WORK ORDER
Without any of the pictures, print every record below exactly.

(STORED DATA begins)

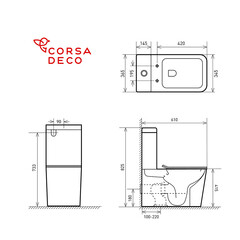 Унитаз-компакт Corsa Deco TX Tornado безободковый с универсальным выпуском с сиденьем дюропласт микролифт белый (TPTX610QT) - фото 2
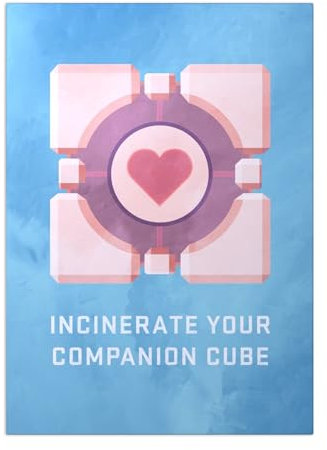 Displate Offiziell Portal Game MetallPoster Magnetische Befestigung Inklusive Lizenziert Bilder Hochwertiges Poster Companion Cube - Size M - 45 cm x 32 cm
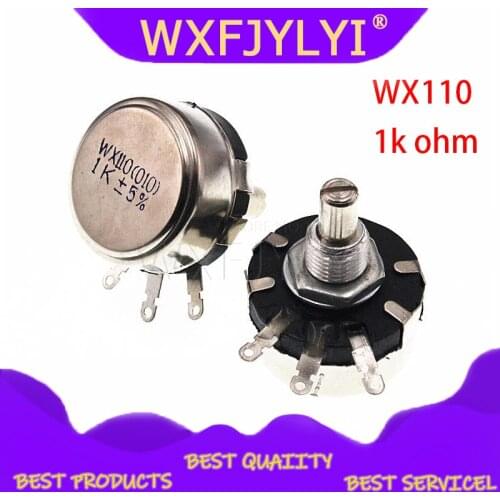 5pcs WX110 (010) 6mm Round 1k ohm Metal Shaft Single Turn Wire resistor Wound Potentiometer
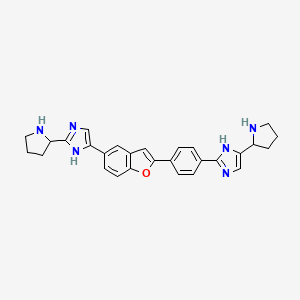 molecular formula C42H50N8O7 B609094 2-pyrrolidin-2-yl-5-[2-[4-(5-pyrrolidin-2-yl-1H-imidazol-2-yl)phenyl]-1-benzofuran-5-yl]-1H-imidazole CAS No. 1246470-32-5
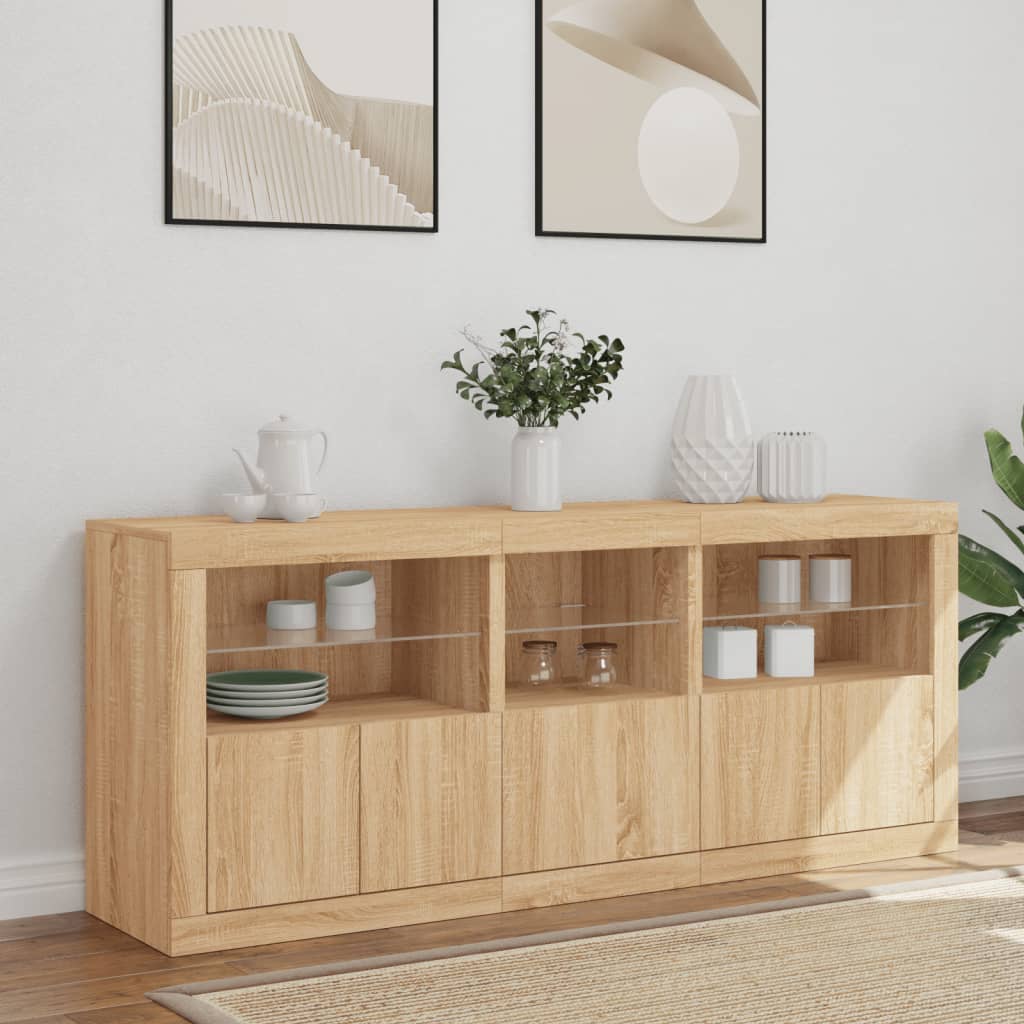 Komoda s LED svjetlima boja hrasta sonome 162 x 37 x 67 cm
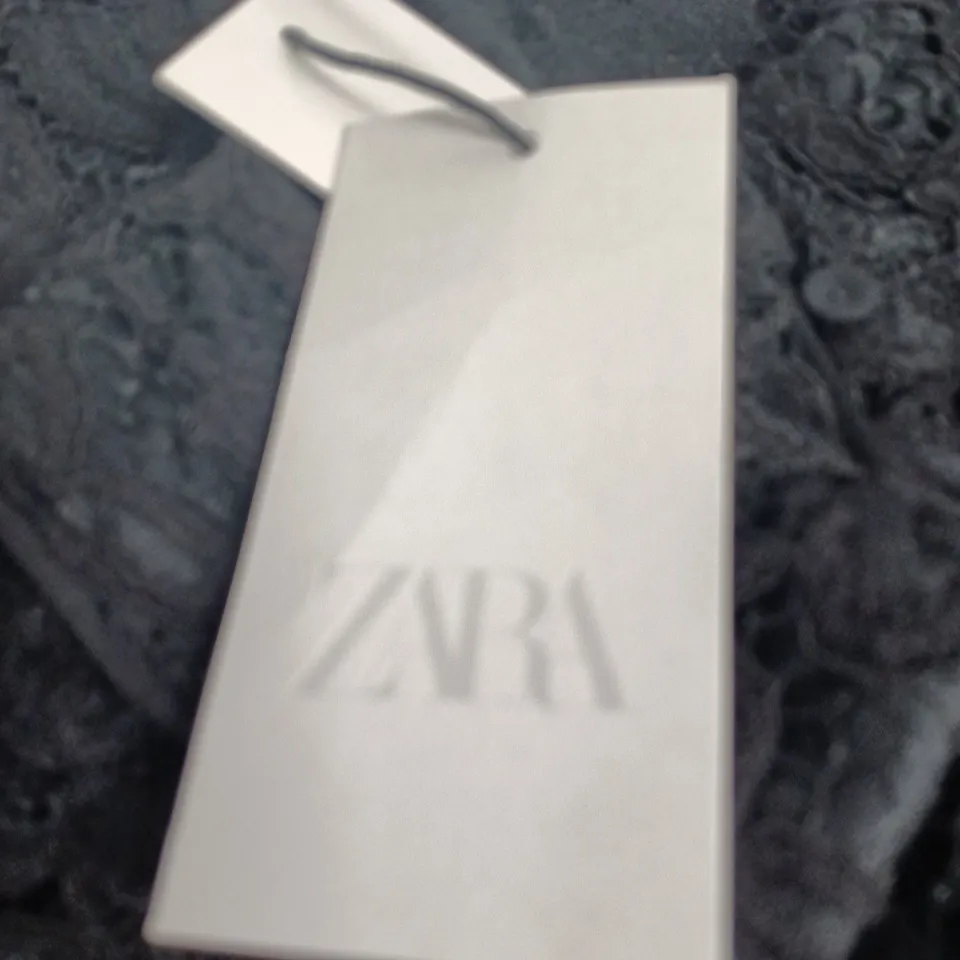 ZARA LACE TOP - BLACK, WOMEN'S UK XL (EU XL) - WITH TAGS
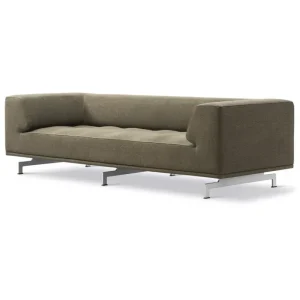 Fredericia Sofas Und Liegen-Delphi 2-Sitzer-Sofa, gebürstetes Aluminium - Olivgrün Clay 14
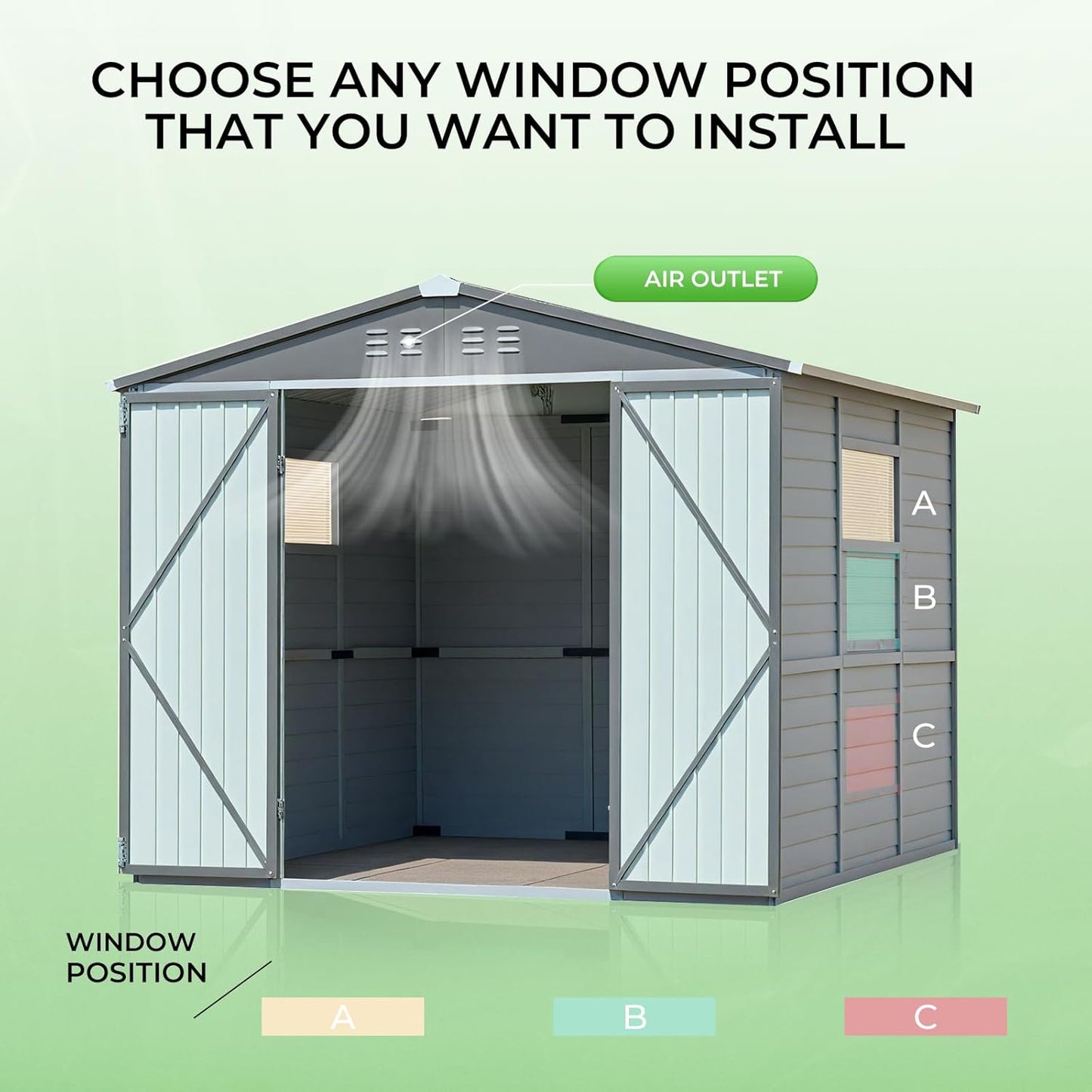 MyVoice 8x10 FT Wooden Outdoor Storage Shed with 4 Vents & 2 Adjustable Windows, DIY Cedar Tool Shed Kit, Garden Bike Firewood Storage, Waterproof Backyard Outdoor Shed for Patio, Lawn, Yard & Garage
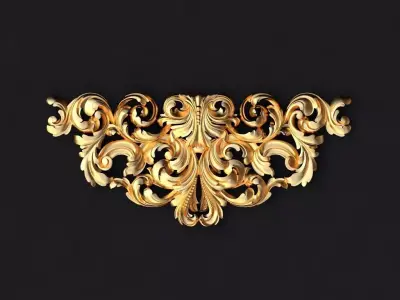 dekor gold ornate ornament 3D model buy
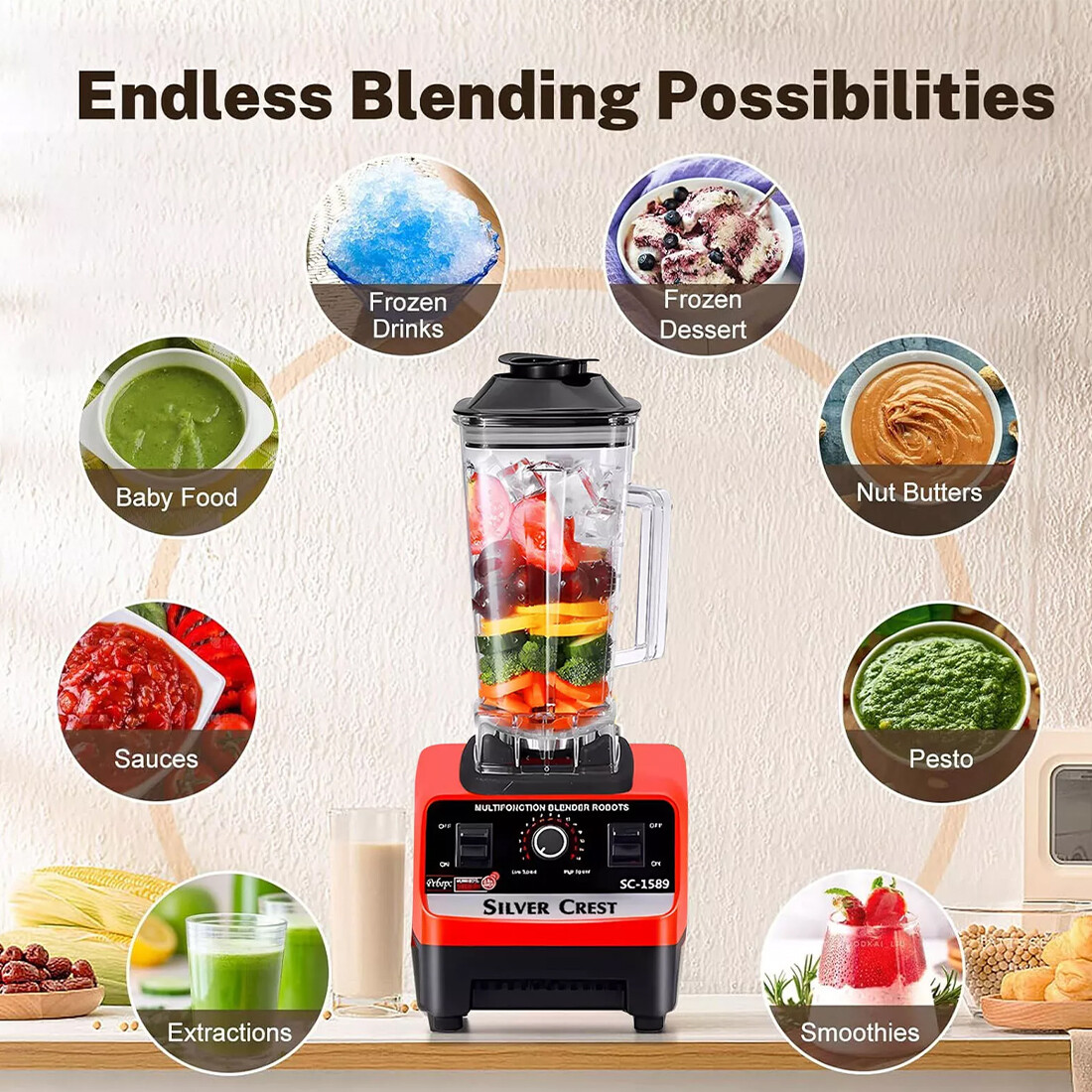 Mélangeur multifonctionnel 4500w, robot culinaire, smoothie, presse-agrumes – Image 3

(STORED DATA ends)

WRITTEN SOLUTION
 Унитаз-компакт Corsa Deco TX Tornado безободковый с универсальным выпуском с сиденьем дюропласт микролифт белый (TPTX610QT) - фото 2
 Displate Offiziell Portal Game MetallPoster Magnetische Befestigung Inklusive Lizenziert Bilder Hochwertiges Poster Companion Cube - Size M - 45 cm x 32 cm
 5pcs WX110 (010) 6mm Round 1k ohm Metal Shaft Single Turn Wire resistor Wound Potentiometer
 molecular formula C42H50N8O7 B609094 2-pyrrolidin-2-yl-5-[2-[4-(5-pyrrolidin-2-yl-1H-imidazol-2-yl)phenyl]-1-benzofuran-5-yl]-1H-imidazole CAS No. 1246470-32-5
 Komoda s LED svjetlima boja hrasta sonome 162 x 37 x 67 cm
 ZARA LACE TOP - BLACK, WOMEN'S UK XL (EU XL) - WITH TAGS
 Fredericia Sofas Und Liegen-Delphi 2-Sitzer-Sofa, gebürstetes Aluminium - Olivgrün Clay 14
 MyVoice 8x10 FT Wooden Outdoor Storage Shed with 4 Vents & 2 Adjustable Windows, DIY Cedar Tool Shed Kit, Garden Bike Firewood Storage, Waterproof Backyard Outdoor Shed for Patio, Lawn, Yard & Garage
 dekor gold ornate ornament 3D model buy
 Mélangeur multifonctionnel 4500w, robot culinaire, smoothie, presse-agrumes – Image 3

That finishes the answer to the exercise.